I should add that my garden is still not what it should be – we’re doing bed-building this year, so they only get planted as fast as the beds get dug and built, and I’m about four beds behind my goals, so that’s me, right out there with you.
Ok, you are a terrible person and you are totally doomed. You see, you meant to plant a garden this year (or a bigger garden, or a better garden or something…), you really did.
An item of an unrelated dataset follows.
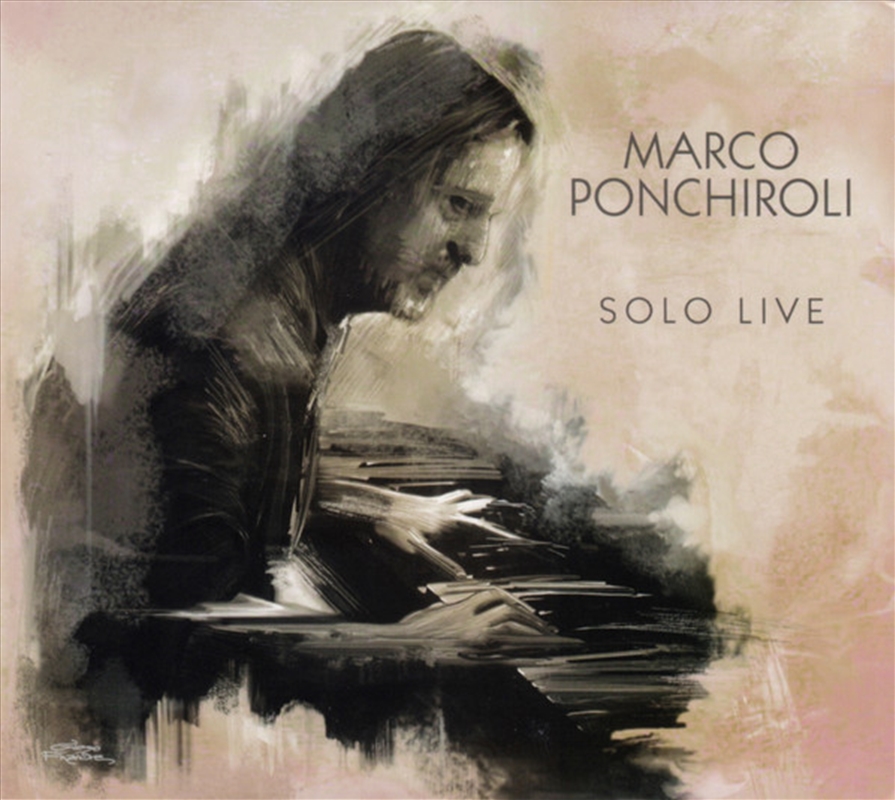Solo Live/Product Detail/Jazz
But you were sick in May and then there was a work crisis, and the tiller didn’t work, and the guy who was going to bring the horse manure never came and somehow, here it is, the last week of June, and your garden isn’t even started, or is only half the size you intended, or three of the beds aren’t planted.
Or maybe you did plant it, and the drought or the floods or the locusts or the herds of armadillos destroyed it completely, or weeds the size of Godzilla have sprung up and you are fairly sure there were some carrots in there once, but you can’t find them. And here it is, the end of June, and you have no garden, or only half of one, or nothing like what you’d thought you’d have.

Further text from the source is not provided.